Riot45 Mystery / Thriller 17 May 2026

The knife trembled between my fingers, the polished steel catching the theatre lights like a sliver of moonlight.

Below me, Zephyr danced like the music had crawled inside his bones and hollowed him out until he became nothing but movement and sound. The audience sat utterly still beneath him, enchanted. Even the nobles in their velvet boxes had forgotten to whisper, and even I found myself breathless. His voice swept through the opera house again, softer now. His song had changed, mournful, slow, the haunting lament of a lover who had never returned home. The thread in my chest tightened painfully.

Do it.

The order echoed in my skull with my employer’s voice attached to it as I came to amidst Zephyr's song. One throw, one clean arc, one simple action, a strike to the throat to fell him centre stage. By the time the audience understood what happened, I’d already be gone. Easy.

So why wouldn’t my hand move?

Zephyr spun again, slower this time, white skirts blooming around him like flower petals drenched in silver light. His eyes lifted toward the ceiling, and for one impossible second, I thought he saw me hidden in the rafters. But his gaze drifted past, dreamy and distant, and the music swelled toward its finale.

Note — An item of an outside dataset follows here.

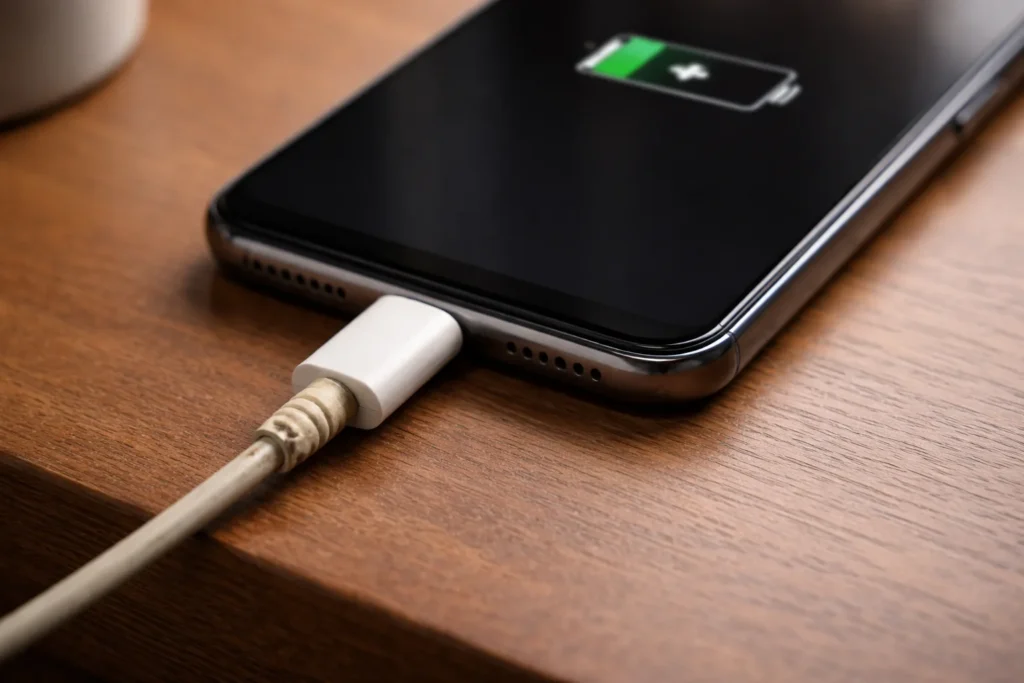 Worn charging cable causing phones charge slowly even with a fast charger.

I lowered the knife. “…Damn it.” The curse barely left my lips.

I sheathed the blade and stepped back into shadow just as the audience erupted into applause. The thunder of clapping shook dust loose from the rafters just before the curtains fell.

Intermission.

I exhaled slowly through the mask. Backstage would be easier now anyway, less dramatic, less risky. Less chance of seeing him like that again.

I moved silently across the rafters toward the backstage ladder. Below, workers scrambled across the stage preparing the next set, weaving between exhausted dancers and musicians who wiped sweat from their brows. I caught sight of Zephyr in his white skirts and jewelled bodice dip beneath the curtains to his room.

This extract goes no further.